What's refreshing about Scalzi's stories, this one included, is that the characters are at least roughly half female. And they aren't just window dressing, but have real agendas and motives and do things. In Unlocked, women are doctors, journalists, politicians, business entrepreneurs, government staffers, and political activists.

And together, these characters tell the story of a virus that seems almost to manifest conscious evil: initially, it looks like a particularly virulent flu that kills a substantial portion of those afflicted — enough of a percentage that we are left to imagine the effect of the strain on the burial system in developing nations that lack an organized infrastructure. And while most survivors recover fully, the ones that do not die or suffer massive brain damage incur locked-in syndrome, in which their bodies are paralyzed but their autonomic nervous systems persist, and their brains are perfectly aware.

No one's life is untouched by the virus. And so the U.S. government manages to reach a consensus to throw a vast sum of money at the problem (roughly one quarter the current unappropriated budget, or: one half the current amount of military appropriations, or: a goldmine). As a result, new technologies emerge.

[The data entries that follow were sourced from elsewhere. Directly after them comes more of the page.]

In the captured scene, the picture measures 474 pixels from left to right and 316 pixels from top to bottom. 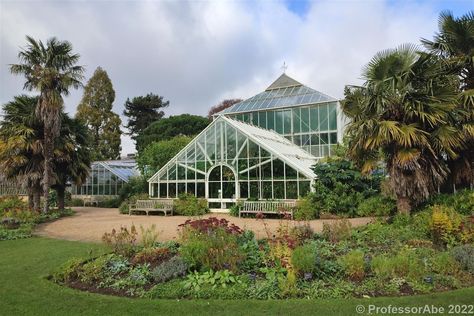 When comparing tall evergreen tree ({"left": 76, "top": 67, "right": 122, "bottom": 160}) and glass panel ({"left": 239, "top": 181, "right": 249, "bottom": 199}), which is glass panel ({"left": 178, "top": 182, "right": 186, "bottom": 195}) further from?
tall evergreen tree ({"left": 76, "top": 67, "right": 122, "bottom": 160})

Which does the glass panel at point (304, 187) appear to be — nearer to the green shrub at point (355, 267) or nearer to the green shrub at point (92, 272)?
the green shrub at point (355, 267)

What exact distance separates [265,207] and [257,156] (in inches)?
117

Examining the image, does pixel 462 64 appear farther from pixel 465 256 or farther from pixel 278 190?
pixel 278 190

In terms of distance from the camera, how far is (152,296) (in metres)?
5.59

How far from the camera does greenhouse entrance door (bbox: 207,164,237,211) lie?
64.1 ft

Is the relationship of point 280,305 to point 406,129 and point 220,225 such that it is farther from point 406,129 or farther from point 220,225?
point 406,129

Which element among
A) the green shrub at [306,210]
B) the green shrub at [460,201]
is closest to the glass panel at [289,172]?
the green shrub at [306,210]

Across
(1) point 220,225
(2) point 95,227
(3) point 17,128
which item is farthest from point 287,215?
(3) point 17,128

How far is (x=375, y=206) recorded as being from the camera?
14758mm

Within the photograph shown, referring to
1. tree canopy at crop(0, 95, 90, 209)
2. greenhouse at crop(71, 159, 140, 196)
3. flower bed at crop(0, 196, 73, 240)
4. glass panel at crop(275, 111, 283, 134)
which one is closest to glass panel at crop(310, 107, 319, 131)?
glass panel at crop(275, 111, 283, 134)

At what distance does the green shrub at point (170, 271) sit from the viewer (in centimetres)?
610

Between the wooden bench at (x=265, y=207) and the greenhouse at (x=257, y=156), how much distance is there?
0.98 metres

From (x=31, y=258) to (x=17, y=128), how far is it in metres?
12.2

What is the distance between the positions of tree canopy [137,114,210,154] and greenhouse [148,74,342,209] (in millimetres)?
14145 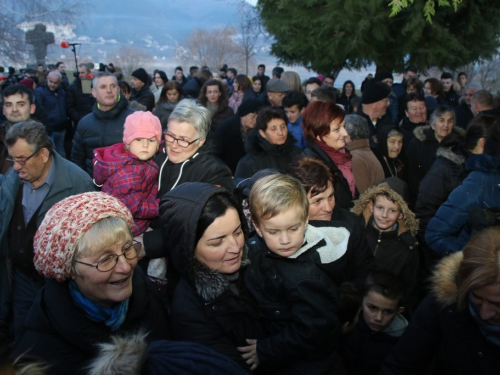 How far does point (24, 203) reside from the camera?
3.12m

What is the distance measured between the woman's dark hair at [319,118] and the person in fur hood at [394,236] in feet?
2.21

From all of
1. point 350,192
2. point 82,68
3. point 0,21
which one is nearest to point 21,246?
point 350,192

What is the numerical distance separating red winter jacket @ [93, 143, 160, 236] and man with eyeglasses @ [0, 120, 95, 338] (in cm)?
25

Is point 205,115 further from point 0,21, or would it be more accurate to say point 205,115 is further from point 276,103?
point 0,21

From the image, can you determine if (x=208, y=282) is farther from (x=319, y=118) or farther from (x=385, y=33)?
(x=385, y=33)

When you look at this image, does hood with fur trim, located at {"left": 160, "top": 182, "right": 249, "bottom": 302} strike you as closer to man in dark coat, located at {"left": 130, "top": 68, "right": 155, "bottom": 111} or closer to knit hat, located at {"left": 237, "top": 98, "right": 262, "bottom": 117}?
knit hat, located at {"left": 237, "top": 98, "right": 262, "bottom": 117}

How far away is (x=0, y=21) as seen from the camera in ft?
61.0

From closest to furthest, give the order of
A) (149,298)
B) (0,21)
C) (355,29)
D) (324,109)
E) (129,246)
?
(129,246), (149,298), (324,109), (355,29), (0,21)

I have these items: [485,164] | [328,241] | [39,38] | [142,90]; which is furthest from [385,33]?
[39,38]

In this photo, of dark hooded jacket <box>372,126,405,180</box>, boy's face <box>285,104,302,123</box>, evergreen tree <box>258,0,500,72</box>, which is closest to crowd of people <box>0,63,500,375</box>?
dark hooded jacket <box>372,126,405,180</box>

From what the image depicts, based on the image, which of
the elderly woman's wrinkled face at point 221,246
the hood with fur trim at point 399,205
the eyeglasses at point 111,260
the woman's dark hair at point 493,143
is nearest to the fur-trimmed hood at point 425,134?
the hood with fur trim at point 399,205

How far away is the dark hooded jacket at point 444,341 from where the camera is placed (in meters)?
2.00

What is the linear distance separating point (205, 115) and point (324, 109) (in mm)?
1023

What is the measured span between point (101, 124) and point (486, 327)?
4.17m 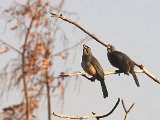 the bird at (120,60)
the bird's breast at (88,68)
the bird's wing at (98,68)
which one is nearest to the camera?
the bird's wing at (98,68)

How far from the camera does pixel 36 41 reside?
1159cm

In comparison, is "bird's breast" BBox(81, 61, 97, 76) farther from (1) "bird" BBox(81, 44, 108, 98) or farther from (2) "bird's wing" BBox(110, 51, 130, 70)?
(2) "bird's wing" BBox(110, 51, 130, 70)

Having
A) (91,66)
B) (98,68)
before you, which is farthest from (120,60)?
(98,68)

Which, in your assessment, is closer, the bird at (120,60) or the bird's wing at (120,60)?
the bird at (120,60)

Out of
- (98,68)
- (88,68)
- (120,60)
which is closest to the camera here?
(98,68)

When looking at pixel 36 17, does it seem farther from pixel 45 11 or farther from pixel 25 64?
pixel 25 64

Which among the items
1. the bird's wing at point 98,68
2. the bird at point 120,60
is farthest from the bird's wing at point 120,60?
the bird's wing at point 98,68

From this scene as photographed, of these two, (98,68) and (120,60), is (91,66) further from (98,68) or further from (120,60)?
(120,60)

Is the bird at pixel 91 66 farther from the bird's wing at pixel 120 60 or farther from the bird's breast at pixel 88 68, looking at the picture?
the bird's wing at pixel 120 60

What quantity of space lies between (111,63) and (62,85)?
4201mm

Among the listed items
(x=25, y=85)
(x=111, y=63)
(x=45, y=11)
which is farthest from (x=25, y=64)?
(x=111, y=63)

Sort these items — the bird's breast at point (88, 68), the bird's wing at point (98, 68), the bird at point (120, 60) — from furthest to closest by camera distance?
1. the bird's breast at point (88, 68)
2. the bird at point (120, 60)
3. the bird's wing at point (98, 68)

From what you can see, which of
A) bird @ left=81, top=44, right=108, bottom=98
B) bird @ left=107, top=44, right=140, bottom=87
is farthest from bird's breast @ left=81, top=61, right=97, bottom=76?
bird @ left=107, top=44, right=140, bottom=87

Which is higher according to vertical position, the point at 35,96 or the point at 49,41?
the point at 49,41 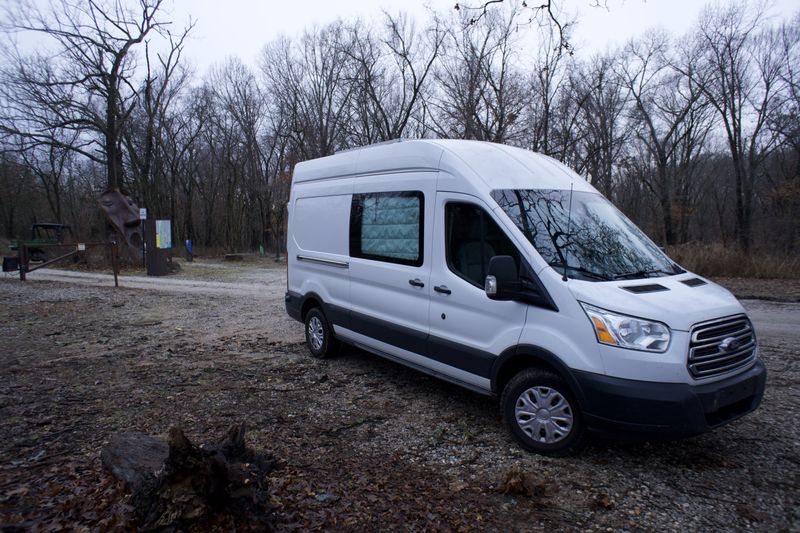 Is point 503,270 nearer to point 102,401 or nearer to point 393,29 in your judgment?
point 102,401

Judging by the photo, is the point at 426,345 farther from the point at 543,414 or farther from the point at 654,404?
the point at 654,404

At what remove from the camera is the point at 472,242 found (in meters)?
4.52

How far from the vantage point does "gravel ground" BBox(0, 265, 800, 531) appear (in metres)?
3.11

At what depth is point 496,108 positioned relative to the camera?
83.5ft

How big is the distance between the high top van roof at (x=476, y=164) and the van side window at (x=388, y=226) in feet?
1.01

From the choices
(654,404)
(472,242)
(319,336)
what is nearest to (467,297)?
(472,242)

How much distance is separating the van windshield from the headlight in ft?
1.48

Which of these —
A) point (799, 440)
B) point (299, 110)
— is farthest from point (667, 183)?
point (799, 440)

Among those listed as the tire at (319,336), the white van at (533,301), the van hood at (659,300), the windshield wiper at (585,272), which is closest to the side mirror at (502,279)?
the white van at (533,301)

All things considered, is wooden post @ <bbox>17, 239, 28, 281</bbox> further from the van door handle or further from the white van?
the van door handle

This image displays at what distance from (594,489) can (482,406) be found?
5.43 ft

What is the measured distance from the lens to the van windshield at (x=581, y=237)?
4.02 meters

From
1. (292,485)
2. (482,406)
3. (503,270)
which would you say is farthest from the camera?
(482,406)

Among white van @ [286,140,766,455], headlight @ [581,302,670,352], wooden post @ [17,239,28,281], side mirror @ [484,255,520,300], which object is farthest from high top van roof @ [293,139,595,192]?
wooden post @ [17,239,28,281]
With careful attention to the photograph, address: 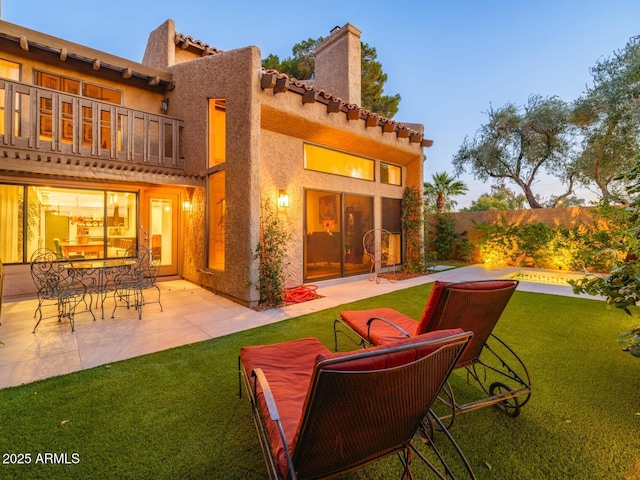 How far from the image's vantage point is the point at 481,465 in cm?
202

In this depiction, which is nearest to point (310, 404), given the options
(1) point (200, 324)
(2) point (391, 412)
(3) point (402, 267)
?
(2) point (391, 412)

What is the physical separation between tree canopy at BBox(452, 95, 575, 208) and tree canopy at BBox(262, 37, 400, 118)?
5465 millimetres

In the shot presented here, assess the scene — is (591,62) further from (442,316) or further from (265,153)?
(442,316)

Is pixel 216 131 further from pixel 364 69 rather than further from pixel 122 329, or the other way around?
pixel 364 69

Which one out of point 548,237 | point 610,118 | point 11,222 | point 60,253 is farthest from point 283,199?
point 610,118

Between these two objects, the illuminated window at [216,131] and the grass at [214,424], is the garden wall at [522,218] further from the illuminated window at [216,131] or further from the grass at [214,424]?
the grass at [214,424]

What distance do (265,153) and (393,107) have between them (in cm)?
1355

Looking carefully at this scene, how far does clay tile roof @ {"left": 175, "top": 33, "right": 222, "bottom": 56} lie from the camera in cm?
905

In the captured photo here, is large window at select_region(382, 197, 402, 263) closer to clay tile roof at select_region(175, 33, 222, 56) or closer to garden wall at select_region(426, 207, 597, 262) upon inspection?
garden wall at select_region(426, 207, 597, 262)

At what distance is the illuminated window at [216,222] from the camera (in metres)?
7.58

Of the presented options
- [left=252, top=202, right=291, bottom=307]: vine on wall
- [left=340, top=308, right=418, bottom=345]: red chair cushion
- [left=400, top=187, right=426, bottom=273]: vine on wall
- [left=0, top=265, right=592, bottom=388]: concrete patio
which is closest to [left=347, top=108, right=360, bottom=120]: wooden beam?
[left=252, top=202, right=291, bottom=307]: vine on wall

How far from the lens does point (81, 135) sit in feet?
23.3

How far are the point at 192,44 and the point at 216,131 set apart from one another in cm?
359

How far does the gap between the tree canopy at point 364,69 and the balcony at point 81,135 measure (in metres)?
10.6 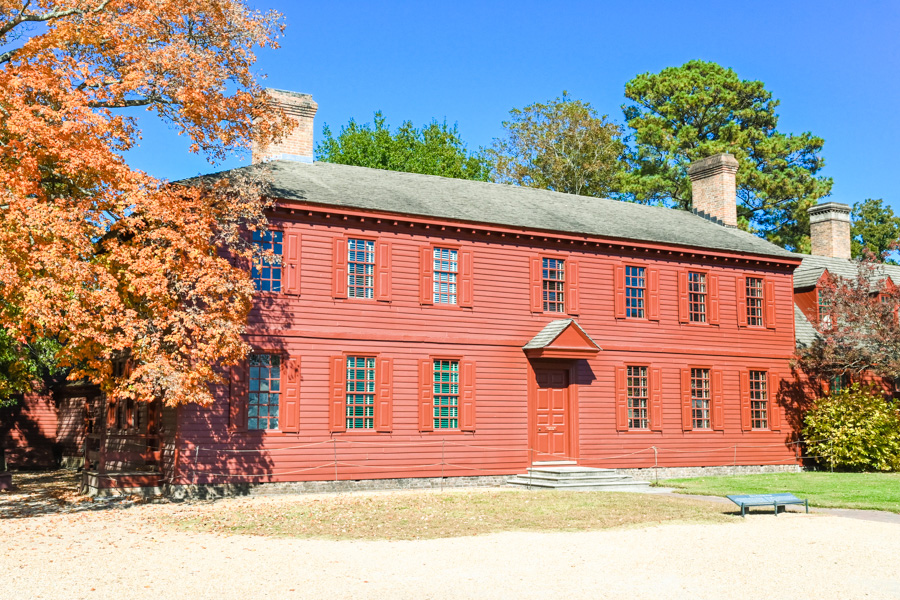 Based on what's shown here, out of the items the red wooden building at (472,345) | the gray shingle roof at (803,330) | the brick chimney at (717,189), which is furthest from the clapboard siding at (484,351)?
the brick chimney at (717,189)

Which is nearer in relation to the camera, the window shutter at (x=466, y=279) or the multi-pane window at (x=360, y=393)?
the multi-pane window at (x=360, y=393)

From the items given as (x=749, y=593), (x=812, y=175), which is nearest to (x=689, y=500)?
(x=749, y=593)

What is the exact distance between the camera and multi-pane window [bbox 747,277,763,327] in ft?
83.2

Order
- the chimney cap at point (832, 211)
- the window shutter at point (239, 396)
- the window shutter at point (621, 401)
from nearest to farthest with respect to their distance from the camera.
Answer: the window shutter at point (239, 396), the window shutter at point (621, 401), the chimney cap at point (832, 211)

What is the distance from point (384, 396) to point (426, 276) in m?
3.05

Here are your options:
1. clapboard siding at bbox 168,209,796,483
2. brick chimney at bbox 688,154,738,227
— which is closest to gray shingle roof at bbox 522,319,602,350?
clapboard siding at bbox 168,209,796,483

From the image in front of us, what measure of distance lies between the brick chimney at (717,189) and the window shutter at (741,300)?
3734 mm

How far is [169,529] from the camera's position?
13.2 meters

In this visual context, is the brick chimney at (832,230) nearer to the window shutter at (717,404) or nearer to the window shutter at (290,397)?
the window shutter at (717,404)

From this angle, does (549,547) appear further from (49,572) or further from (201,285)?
(201,285)

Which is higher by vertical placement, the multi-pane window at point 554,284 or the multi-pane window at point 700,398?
the multi-pane window at point 554,284

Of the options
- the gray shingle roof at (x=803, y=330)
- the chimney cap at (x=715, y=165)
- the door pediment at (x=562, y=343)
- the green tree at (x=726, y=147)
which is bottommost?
the door pediment at (x=562, y=343)

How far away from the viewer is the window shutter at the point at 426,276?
20.3 meters

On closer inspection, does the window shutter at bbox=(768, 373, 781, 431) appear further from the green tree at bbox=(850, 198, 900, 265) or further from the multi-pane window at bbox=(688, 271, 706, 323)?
the green tree at bbox=(850, 198, 900, 265) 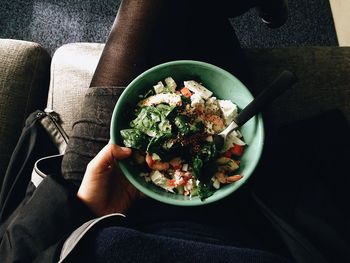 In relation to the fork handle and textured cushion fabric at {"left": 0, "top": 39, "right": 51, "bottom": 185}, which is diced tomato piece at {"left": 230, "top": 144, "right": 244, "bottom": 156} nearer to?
the fork handle

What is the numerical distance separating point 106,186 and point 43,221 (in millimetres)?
143

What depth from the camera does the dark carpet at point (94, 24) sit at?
4.76 feet

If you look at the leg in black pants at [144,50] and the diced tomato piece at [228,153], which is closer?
the diced tomato piece at [228,153]

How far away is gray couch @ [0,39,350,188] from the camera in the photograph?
0.91 metres

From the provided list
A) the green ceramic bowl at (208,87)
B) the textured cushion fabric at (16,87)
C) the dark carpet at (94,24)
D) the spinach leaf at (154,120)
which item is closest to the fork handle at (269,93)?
the green ceramic bowl at (208,87)

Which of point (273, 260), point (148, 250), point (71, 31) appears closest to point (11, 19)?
point (71, 31)

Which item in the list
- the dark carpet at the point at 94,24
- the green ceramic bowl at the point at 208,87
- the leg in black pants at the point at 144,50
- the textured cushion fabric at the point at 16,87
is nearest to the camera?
the green ceramic bowl at the point at 208,87

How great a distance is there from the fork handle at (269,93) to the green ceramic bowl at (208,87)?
22 millimetres

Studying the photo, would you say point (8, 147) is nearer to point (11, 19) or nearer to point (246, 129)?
point (246, 129)

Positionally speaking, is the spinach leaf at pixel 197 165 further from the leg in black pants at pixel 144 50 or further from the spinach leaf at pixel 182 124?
the leg in black pants at pixel 144 50

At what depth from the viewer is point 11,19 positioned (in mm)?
1520

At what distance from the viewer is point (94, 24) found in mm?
1492

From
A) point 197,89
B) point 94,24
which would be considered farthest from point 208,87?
point 94,24

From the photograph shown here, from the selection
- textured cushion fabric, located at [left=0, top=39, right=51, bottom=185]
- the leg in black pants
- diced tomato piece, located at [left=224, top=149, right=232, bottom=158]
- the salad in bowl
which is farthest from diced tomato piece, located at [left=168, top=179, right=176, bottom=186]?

The locked-in sufferers achieve a certain amount of freedom from their useless bodies. Civil rights battles loom.

To tell much more would foray into spoiler-land, so I'll conclude with what I think is unusually cool about this book. Most straight white dude authors (and indeed, most authors in general) fail spectacularly when trying to create "otherness" in a science fiction world. (Most of what I've read tends to be a clumsy — and often thinly veiled and unintentionally insulting — stand-in for race.) Scalzi (whether intentionally or not) does it and succeeds, at least insofar as I'm concerned.

For the locked-in experience something completely unlike what the rest of mankind has ever experienced. They are a brand new class of people. The most technical description of locked-in syndrome is a disability (and it is one that already exists in our world, as a rare side effect of strokes). But this is a disability that doesn't just create challenges and incur prejudice, but in which the stopgap measure gives the locked-in a choice to separate themselves into a brand new world entirely.

This is a story told very cleverly in the own words of these characters, of their failures and of their triumphs in a human health crisis of unfathomable proportions.